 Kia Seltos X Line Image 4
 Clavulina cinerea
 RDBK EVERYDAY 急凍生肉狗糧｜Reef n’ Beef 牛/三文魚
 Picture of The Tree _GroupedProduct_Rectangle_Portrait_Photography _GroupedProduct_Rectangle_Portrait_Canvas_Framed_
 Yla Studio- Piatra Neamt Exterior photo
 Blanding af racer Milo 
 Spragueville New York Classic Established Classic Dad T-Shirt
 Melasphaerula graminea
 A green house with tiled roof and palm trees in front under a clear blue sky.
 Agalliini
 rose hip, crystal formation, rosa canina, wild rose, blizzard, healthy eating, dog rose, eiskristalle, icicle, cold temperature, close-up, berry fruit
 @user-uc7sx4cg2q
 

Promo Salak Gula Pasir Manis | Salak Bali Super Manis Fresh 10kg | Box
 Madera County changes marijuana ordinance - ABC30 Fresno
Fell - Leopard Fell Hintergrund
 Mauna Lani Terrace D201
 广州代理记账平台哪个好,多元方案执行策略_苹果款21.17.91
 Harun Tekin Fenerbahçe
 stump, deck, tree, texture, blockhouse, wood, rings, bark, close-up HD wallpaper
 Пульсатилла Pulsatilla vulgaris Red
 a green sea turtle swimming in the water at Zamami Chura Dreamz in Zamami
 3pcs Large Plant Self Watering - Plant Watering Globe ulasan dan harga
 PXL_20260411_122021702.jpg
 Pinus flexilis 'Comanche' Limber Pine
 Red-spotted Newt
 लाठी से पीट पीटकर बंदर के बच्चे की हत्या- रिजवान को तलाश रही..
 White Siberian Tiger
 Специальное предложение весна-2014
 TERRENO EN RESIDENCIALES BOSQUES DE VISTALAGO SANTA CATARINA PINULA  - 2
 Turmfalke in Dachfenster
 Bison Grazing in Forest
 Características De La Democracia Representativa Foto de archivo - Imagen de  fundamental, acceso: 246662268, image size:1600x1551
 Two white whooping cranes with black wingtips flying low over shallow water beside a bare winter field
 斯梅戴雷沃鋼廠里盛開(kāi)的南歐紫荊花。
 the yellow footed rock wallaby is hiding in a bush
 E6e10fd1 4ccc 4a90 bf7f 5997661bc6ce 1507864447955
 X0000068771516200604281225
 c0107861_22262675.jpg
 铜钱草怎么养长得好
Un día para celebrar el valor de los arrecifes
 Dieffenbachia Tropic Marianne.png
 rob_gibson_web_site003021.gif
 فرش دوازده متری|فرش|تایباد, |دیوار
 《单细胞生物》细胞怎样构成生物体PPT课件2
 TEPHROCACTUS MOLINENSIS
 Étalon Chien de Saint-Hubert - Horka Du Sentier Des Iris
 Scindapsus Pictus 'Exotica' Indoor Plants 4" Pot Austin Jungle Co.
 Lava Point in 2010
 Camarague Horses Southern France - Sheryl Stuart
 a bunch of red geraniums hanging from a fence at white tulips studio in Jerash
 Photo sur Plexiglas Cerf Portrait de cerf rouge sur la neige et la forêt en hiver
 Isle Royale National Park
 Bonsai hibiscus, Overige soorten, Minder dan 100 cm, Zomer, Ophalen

#### [Problem to solve]
Reprint the listing above. Keep every line exactly as it is.

#### [Result]
 Kia Seltos X Line Image 4
 Clavulina cinerea
 RDBK EVERYDAY 急凍生肉狗糧｜Reef n’ Beef 牛/三文魚
 Picture of The Tree _GroupedProduct_Rectangle_Portrait_Photography _GroupedProduct_Rectangle_Portrait_Canvas_Framed_
 Yla Studio- Piatra Neamt Exterior photo
 Blanding af racer Milo 
 Spragueville New York Classic Established Classic Dad T-Shirt
 Melasphaerula graminea
 A green house with tiled roof and palm trees in front under a clear blue sky.
 Agalliini
 rose hip, crystal formation, rosa canina, wild rose, blizzard, healthy eating, dog rose, eiskristalle, icicle, cold temperature, close-up, berry fruit
 @user-uc7sx4cg2q
 

Promo Salak Gula Pasir Manis | Salak Bali Super Manis Fresh 10kg | Box
 Madera County changes marijuana ordinance - ABC30 Fresno
Fell - Leopard Fell Hintergrund
 Mauna Lani Terrace D201
 广州代理记账平台哪个好,多元方案执行策略_苹果款21.17.91
 Harun Tekin Fenerbahçe
 stump, deck, tree, texture, blockhouse, wood, rings, bark, close-up HD wallpaper
 Пульсатилла Pulsatilla vulgaris Red
 a green sea turtle swimming in the water at Zamami Chura Dreamz in Zamami
 3pcs Large Plant Self Watering - Plant Watering Globe ulasan dan harga
 PXL_20260411_122021702.jpg
 Pinus flexilis 'Comanche' Limber Pine
 Red-spotted Newt
 लाठी से पीट पीटकर बंदर के बच्चे की हत्या- रिजवान को तलाश रही..
 White Siberian Tiger
 Специальное предложение весна-2014
 TERRENO EN RESIDENCIALES BOSQUES DE VISTALAGO SANTA CATARINA PINULA  - 2
 Turmfalke in Dachfenster
 Bison Grazing in Forest
 Características De La Democracia Representativa Foto de archivo - Imagen de  fundamental, acceso: 246662268, image size:1600x1551
 Two white whooping cranes with black wingtips flying low over shallow water beside a bare winter field
 斯梅戴雷沃鋼廠里盛開(kāi)的南歐紫荊花。
 the yellow footed rock wallaby is hiding in a bush
 E6e10fd1 4ccc 4a90 bf7f 5997661bc6ce 1507864447955
 X0000068771516200604281225
 c0107861_22262675.jpg
 铜钱草怎么养长得好
Un día para celebrar el valor de los arrecifes
 Dieffenbachia Tropic Marianne.png
 rob_gibson_web_site003021.gif
 فرش دوازده متری|فرش|تایباد, |دیوار
 《单细胞生物》细胞怎样构成生物体PPT课件2
 TEPHROCACTUS MOLINENSIS
 Étalon Chien de Saint-Hubert - Horka Du Sentier Des Iris
 Scindapsus Pictus 'Exotica' Indoor Plants 4" Pot Austin Jungle Co.
 Lava Point in 2010
 Camarague Horses Southern France - Sheryl Stuart
 a bunch of red geraniums hanging from a fence at white tulips studio in Jerash
 Photo sur Plexiglas Cerf Portrait de cerf rouge sur la neige et la forêt en hiver
 Isle Royale National Park
 Bonsai hibiscus, Overige soorten, Minder dan 100 cm, Zomer, Ophalen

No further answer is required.